# How many near Pittsburgh, PA?



## drnuncheon (Feb 12, 2002)

I'm getting all jealous of the Boston games, especially since I didn't know but one of them when I lived up there.

Now I'm in Glenshaw, just north of Pittsburgh on Rt 8. Anyone in the area 'sides me and my two players?  Maybe we need a Pittsburgh game day...

J


----------



## Dr. Zoom (Feb 12, 2002)

I live in the Pittsburgh area.  Beaver is just 15 minutes north of the airport.  I currently am only DMing and would love to play on a regular basis in another group.  Send me an email if you are interested.

If there are many in the area, I would be interested in getting together for some kind of gaming activity.


----------



## drnuncheon (Feb 13, 2002)

Well, that's one...  I've lived in the North Hills area all my life, except for college and a 5-year stint up in Boston that I just got back from.

Where do you do your game shopping way out there? We've got Game Masters down my way, on Babcock (just off of McKnight).  Conveniently close to my route home.  (Convenient for the owner anyway.)
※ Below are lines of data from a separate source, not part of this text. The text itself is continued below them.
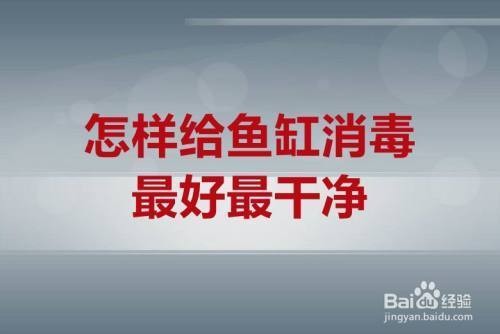 汕頭市澄海區(qū)溪南鴻源水族館（汕頭市澄海區(qū)溪南鴻源水族館電話）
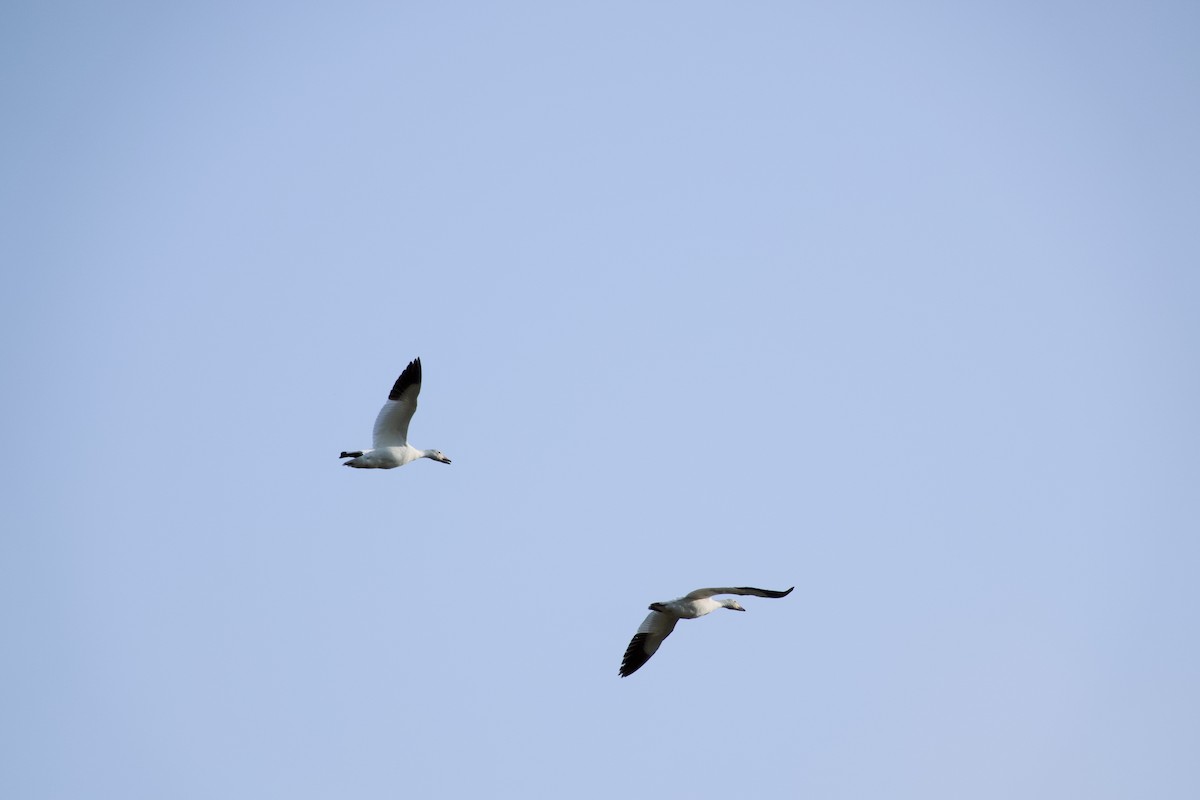 Цасны галуу - ML637546214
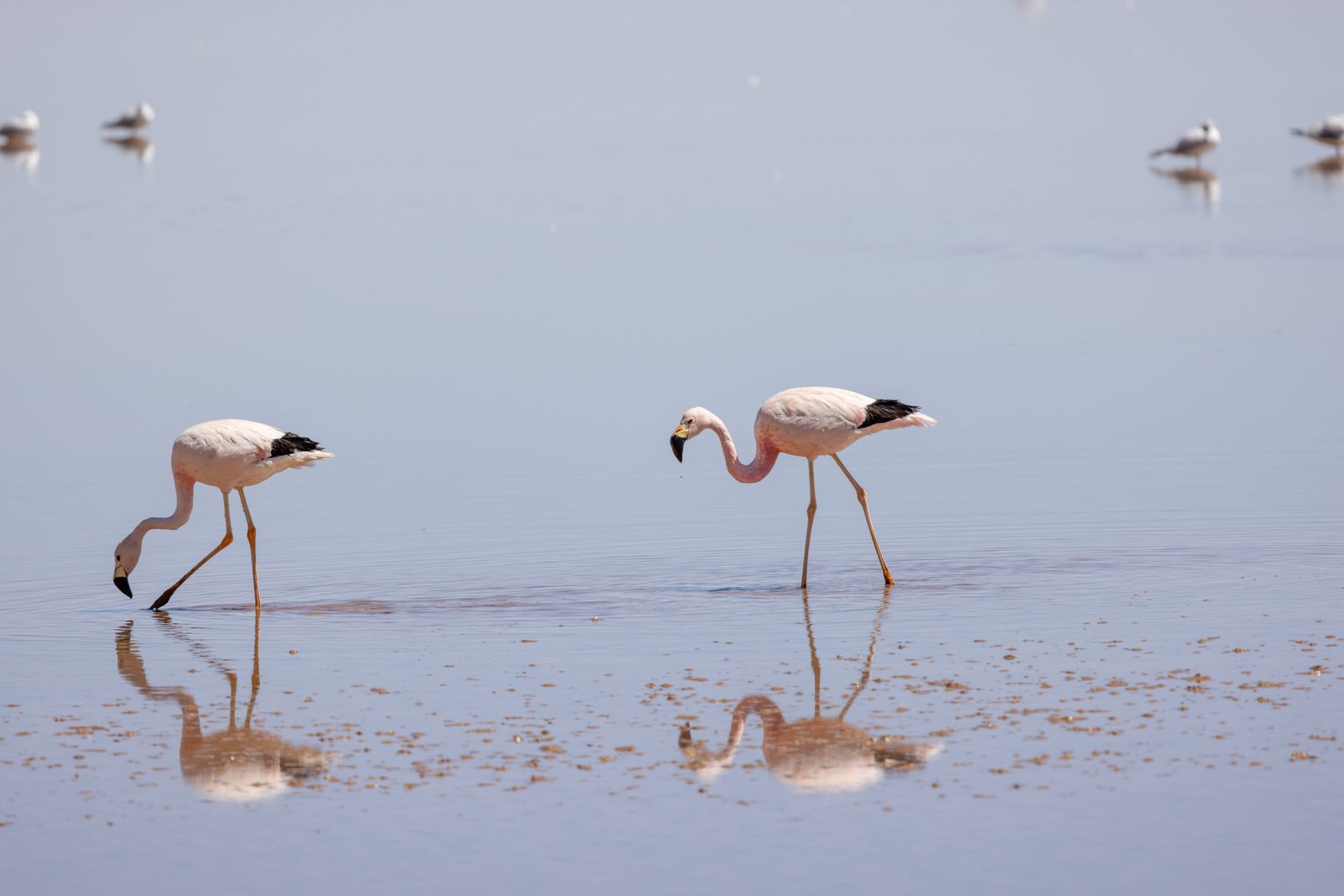 flamingos on lake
What's your game like?  My story hour is over on the EN boards but I'd want to do something different for a group larger than 2 players.

J


----------



## Dr. Zoom (Feb 21, 2002)

Sorry for the delay in the reply.  I changed my email and the boards never sent the confirmation email, so I was locked out from posting to a read-only status.

Games Galore used to be near the Beaver Valley Mall in Monaca.  But they moved to Moon Twp.  I still go there, just not as much.  Waldenbooks is the only place I know in Beaver County that carries D&D material and the magazines.  Sometimes I go the Phantom, too, or Games Unlimited in Squirrel Hill.  I am not familiar with Game Masters.  I will have to visit next time I am in that area.  I currently subscribe to Dragon and buy Dungeon at the stores.  I also have purchased things over the internet.  That's nice and convenient, and usually comes with a discount.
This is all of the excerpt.